Il se montrait déjà bien triste de s'en aller loin de nous, à Chartres, avec
des étrangers, au moment où notre présence et l'appui de notre affection
fraternelle lui eussent été si nécessaires; je pense qu'il aurait encore plus
de regret de se remettre en route et d'aller à une si grande distance. Je
verrais à ce voyage un inconvénient plus grave, celui de conduire peut-être Mgr
à reprendre envers nous les vues d'autorité absolue qu'il avait adoptées
d'abord et qui eussent pu, sans la réserve que nous y avons mise, nous créer de
sérieux embarras; enfin nous avons pu nous convaincre, en plusieurs
circonstances, que ce vénérable prélat, dont je sais d'ailleurs l'expérience et
la haute piété, n'avait pas entièrement compris notre pensée ni saisi
exactement les circonstances de notre position; je doute donc qu'il eût grâce
spéciale pour diriger notre cher frère, surtout ne connaissant pas de longue
main son caractère, ses habitudes ni ses dispositions.

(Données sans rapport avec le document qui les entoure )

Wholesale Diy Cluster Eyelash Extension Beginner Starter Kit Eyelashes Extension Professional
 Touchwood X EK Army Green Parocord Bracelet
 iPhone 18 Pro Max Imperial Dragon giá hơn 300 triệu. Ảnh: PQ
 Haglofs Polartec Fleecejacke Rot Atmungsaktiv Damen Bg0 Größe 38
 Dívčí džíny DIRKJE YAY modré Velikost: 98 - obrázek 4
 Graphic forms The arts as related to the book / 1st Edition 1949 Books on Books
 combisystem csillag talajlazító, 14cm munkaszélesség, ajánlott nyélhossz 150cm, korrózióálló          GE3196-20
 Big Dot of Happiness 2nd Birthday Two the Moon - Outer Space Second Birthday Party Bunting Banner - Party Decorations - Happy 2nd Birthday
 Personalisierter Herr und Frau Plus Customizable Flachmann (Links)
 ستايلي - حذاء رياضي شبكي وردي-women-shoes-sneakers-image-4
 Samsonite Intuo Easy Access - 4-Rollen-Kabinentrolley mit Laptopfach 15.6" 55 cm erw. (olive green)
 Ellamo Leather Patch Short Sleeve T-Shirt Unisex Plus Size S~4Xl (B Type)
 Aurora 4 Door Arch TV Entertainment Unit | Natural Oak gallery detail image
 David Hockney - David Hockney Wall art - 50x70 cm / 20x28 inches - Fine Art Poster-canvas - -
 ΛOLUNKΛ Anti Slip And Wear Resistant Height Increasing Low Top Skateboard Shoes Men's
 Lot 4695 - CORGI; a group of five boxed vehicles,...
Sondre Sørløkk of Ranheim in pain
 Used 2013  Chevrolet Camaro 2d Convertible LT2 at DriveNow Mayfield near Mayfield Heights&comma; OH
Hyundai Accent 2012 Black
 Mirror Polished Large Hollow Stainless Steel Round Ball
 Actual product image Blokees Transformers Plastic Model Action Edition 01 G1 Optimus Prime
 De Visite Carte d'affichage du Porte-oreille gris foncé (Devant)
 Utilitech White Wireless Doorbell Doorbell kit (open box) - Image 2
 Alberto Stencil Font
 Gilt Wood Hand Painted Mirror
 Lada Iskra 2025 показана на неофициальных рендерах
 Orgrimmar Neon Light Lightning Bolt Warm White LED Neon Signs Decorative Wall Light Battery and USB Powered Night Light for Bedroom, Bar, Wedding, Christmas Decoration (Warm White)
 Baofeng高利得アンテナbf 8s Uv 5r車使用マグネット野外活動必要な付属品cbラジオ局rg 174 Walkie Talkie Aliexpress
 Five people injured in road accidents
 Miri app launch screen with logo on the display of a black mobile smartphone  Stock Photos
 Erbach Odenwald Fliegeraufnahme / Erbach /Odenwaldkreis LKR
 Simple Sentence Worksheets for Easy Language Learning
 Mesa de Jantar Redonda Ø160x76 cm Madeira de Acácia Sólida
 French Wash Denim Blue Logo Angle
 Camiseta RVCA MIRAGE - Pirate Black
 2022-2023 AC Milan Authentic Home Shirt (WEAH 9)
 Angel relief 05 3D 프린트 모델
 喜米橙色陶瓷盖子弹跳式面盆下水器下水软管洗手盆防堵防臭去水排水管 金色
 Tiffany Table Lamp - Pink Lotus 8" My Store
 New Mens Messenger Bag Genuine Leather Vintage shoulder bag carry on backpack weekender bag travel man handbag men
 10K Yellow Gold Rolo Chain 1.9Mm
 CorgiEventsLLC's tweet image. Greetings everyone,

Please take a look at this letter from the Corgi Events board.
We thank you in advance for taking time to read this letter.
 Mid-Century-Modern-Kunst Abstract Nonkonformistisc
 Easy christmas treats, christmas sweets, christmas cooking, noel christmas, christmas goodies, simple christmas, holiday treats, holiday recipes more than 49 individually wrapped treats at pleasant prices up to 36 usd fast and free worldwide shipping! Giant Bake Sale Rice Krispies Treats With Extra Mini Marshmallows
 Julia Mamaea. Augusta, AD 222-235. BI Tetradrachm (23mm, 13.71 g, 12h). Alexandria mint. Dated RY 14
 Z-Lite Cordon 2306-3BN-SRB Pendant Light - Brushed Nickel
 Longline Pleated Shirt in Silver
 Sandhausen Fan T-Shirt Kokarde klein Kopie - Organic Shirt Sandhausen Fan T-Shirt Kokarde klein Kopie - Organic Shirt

Voilà, mon cher frère, ma pensée sur le moyen que vous
proposez; je la livre à l'examen de M. Beaussier et au vôtre en toute
simplicité et bien résolu d'avance de me ranger à votre avis si le mien ne vous
paraît pas le meilleur. Si, au contraire, vous jugiez bon de l'adopter, je crois
qu'on pourrait maintenir pour quelques jours notre ami à Chartres ou ailleurs
jusqu'au moment de votre départ; alors vous l'emmèneriez avec vous au lieu où
vous devez aller pour prendre quelque repos et vous feriez ensemble une absence
d'une quinzaine de jours; cela me semblerait suffisant pour remettre toutes
choses en leur lieu. Je comptais partir pour vous retrouver au commencement de
la semaine prochaine; si vous croyez que, pour faciliter votre départ et celui
de M. Maignen, je doive hâter mon retour, ne manquez pas de me le dire sans
nulle hésitation.
Adieu, mon bien cher frère, je vous embrasse tendrement
ainsi que notre excellent p. Beaussier et suis en N.S.